Top of Exercise data
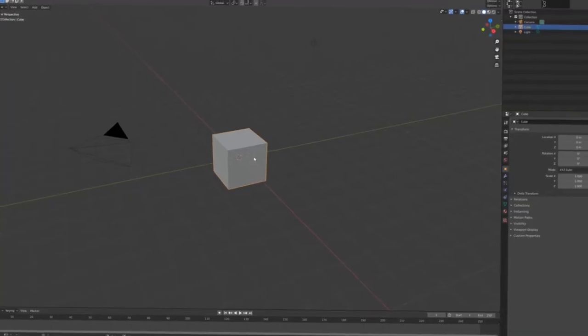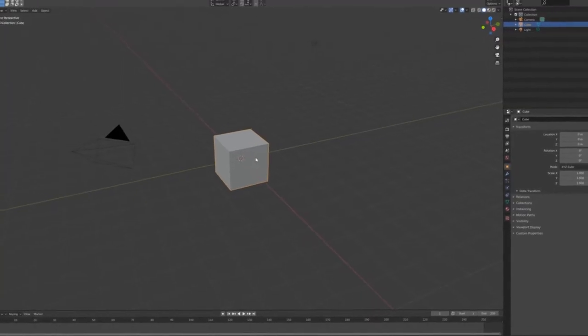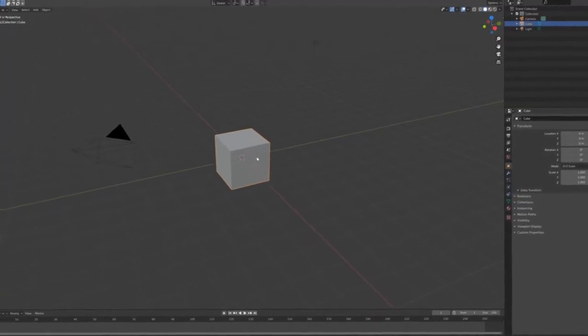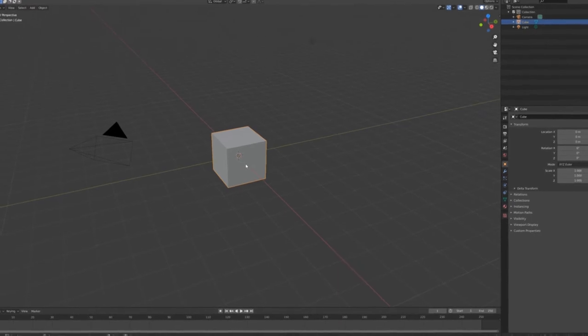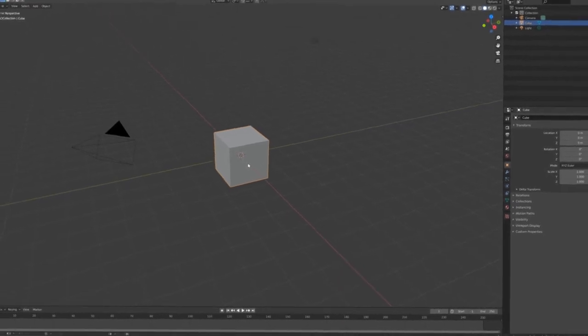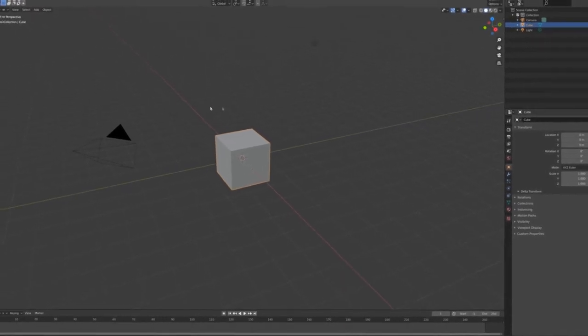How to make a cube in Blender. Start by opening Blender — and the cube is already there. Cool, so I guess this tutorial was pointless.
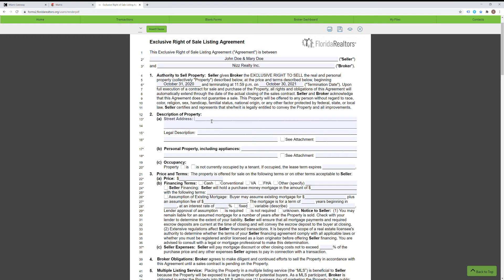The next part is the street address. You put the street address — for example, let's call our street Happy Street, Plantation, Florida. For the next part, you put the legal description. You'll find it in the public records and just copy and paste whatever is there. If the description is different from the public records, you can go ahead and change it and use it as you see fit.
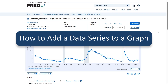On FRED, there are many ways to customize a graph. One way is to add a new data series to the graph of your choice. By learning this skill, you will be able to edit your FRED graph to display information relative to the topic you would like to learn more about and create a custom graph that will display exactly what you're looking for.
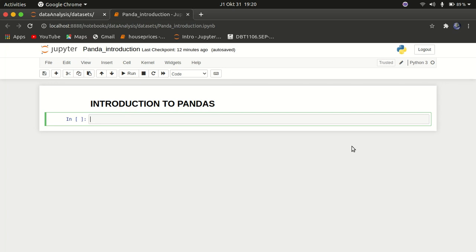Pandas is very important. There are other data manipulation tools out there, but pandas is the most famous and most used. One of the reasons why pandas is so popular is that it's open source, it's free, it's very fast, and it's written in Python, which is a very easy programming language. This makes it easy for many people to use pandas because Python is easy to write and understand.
Bottom of Exercise data
● **What to do**:
Please copy exactly the lines from the one that contains "On FRED, there" through the last line of the listing above, leaving out the pictures.

● **Answer to this problem**:
On FRED, there are many ways to customize a graph. One way is to add a new data series to the graph of your choice. By learning this skill, you will be able to edit your FRED graph to display information relative to the topic you would like to learn more about and create a custom graph that will display exactly what you're looking for.
Pandas is very important. There are other data manipulation tools out there, but pandas is the most famous and most used. One of the reasons why pandas is so popular is that it's open source, it's free, it's very fast, and it's written in Python, which is a very easy programming language. This makes it easy for many people to use pandas because Python is easy to write and understand.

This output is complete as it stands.